Supplemental figure 1. CIR, DFS and OS in pediatric and adult
patients at two year interim. (1) 2-year CIR: children 30.8%±6.4% vs.
adults 43.1%±6.1%, P=0.046 (A); (2) 2-year DFS: children 66.9%±6.1%
vs. adults 55.3%±5.5%, P=0.014 (B); (3) 2-year OS: children
77.0%±5.7% vs. adults 56.5%±5.5%, P=0.005 (C).
Supplemental figure 2. The effect of consolidation regimens on
CIR, DFS and OS. (1) CIR: MDAC-based 13.6%±4.0% vs. SDAC-based
47.2%±6.5%, P<0.001 (A); (2) DFS: MDAC-based 85.3%±4.1%
vs. SDAC-based 49.6%±6.5%, P<0.001 (B); (3) OS: MDAC-based
90.6%±3.4% vs. SDAC-based 53.6%±6.5%, P<0.001 (C).

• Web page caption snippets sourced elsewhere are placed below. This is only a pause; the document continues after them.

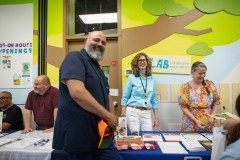 Kids Fair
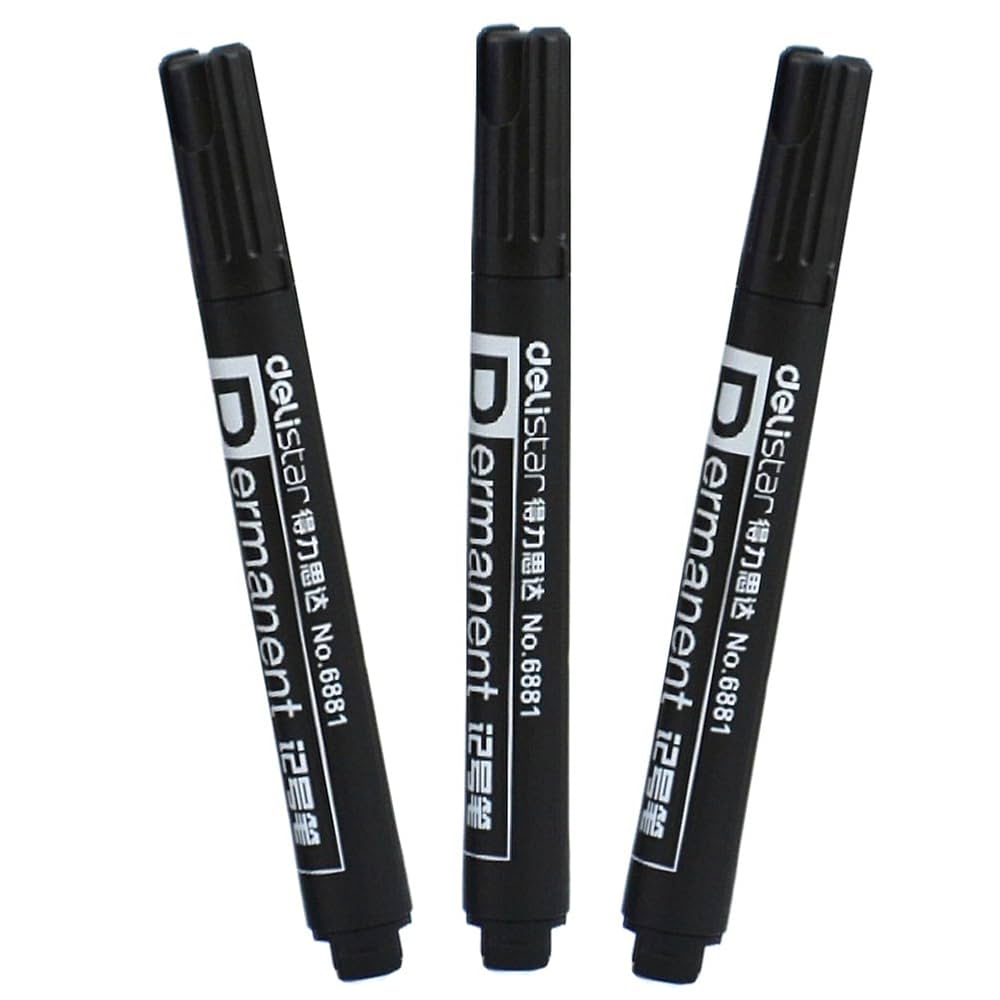 新品MARKER16:10+ BLACKグリーン マーカーメガネOK55%OFF 新品MARKER16:10+ BLACKグリーン マーカーメガネOK55%OFF
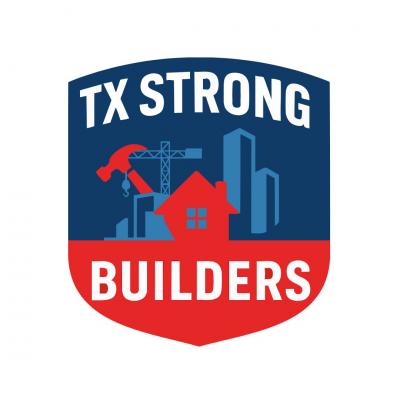 Trusted Home Builders in Montgomery, TX - Other Other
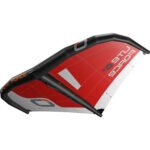 2024 Ozone Liteforce V1 Wing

Figure 2. The effect of EML on CIR, DFS and OS. (1) CIR: Total,
with 49.9%±9.4% vs. without 22.6%±4.1%, P=0.000 (A1); Adults, with
54.6%±10.8% vs. without 26.0%±6.1%, P=0.002 (A2); Children, with
38.3%±18.0% vs. without 19.3%±5.5%, P=0.082 (A3). (2) DFS: Total,
with 44.6%±8.7% vs. without 71.3%±4.3%, P=0.000 (B1); Adults, with
38.7%±9.7% vs. without 66.6%±6.2%, P=0.003 (B2); Children, with
61.7%±18.0% vs. without 76.2%±5.8%, P=0.205 (B3). (3) OS: Total,
with 45.9%±8.9% vs. without 76.6%±4.0%, P=0.000 (C1); Adults, with
38.7%±9.7% vs. without, 68.4%±6.1%, P=0.001 (C2); Children, with
68.6%±18.6% vs. without 85.0%±4.9%, P=0.579 (C3).

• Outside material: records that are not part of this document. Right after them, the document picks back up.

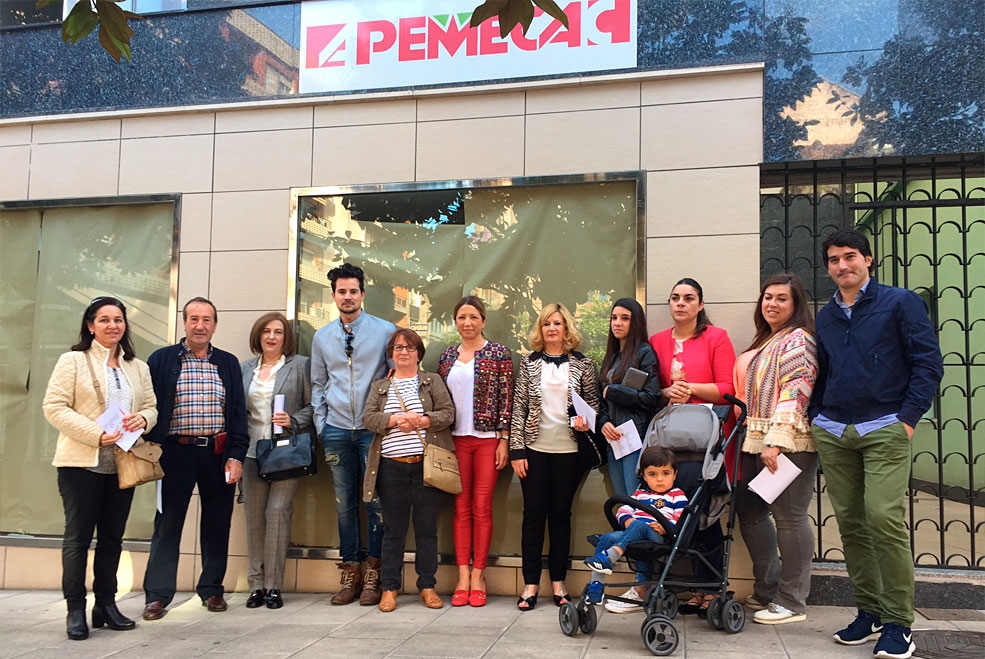 ApemecacPrecioJustoGanadores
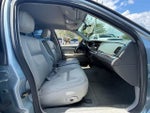 2005 Crown Victoria Thumbnail 15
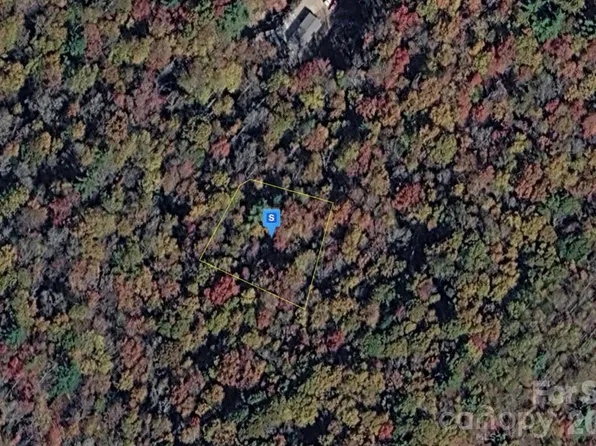 6 Shiver Rdg, Glenville, NC 28736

Figure 3. The effect of c-KIT mutation on CIR, DFS and OS. (1)
CIR: Total, mutation 42.3%+8.9% vs. WT 23.5%+4.8%, P=0.009 (A1);
Adults, mutation 52.4%±10.2% vs. WT 22.8%±7.3%, P=0.005 (A2);
Children, mutation 20.0%±17.9% vs. WT 23.6%±6.3%, P=0.372 (A3). (2)
DFS: Total, mutation 52.1%+8.7% vs. WT 71.1%+5.0%, P=0.014 (B1);
Adults, mutation 44.5%±9.7% vs. WT 68.5%±7.8%, P=0.015 (B2);
Children, mutation 68.6%±18.6% vs. WT 73.3%±6.4%, P=0.602 (B3). (3)
OS: Total, 55.6%+8.5% vs. WT 76.4%+4.7%, P=0.008 (C1); Adults,
mutation 44.5%±9.7% vs. WT 68.5%±7.8%, P=0.021 (C2); Children,
mutation 85.7%±13.2% vs. WT 82.5%±5.7%, P=0.537 (C3).
Supplemental figure 3. The effect of EML on CIR in children and
adults treated with MDAC- or SDAC-based regimens. (1) Adults with
MDAC-based regimens, with 38.6%±15.3% vs. without 11.2%±7.5%,
P=0.028 (A1); (2) Adults with SDAC-based regimens, with 70.0%±14.0%
vs. without 39.8%±8.7%, P=0.003 (A2); (3) Children with MDAC-based
regimens, with 0 vs. without 12.6%±5.3%, P=0.529 (B1); (4) Children
with SDAC-based regimens, with 60.0%±21.9% vs. without 40.4%±14.1%,
P=0.377 (B2).
Supplemental figure 4. The effect of c-KIT mutations on CIR in
children and adults treated with MDAC- or SDAC-based regimens. (1)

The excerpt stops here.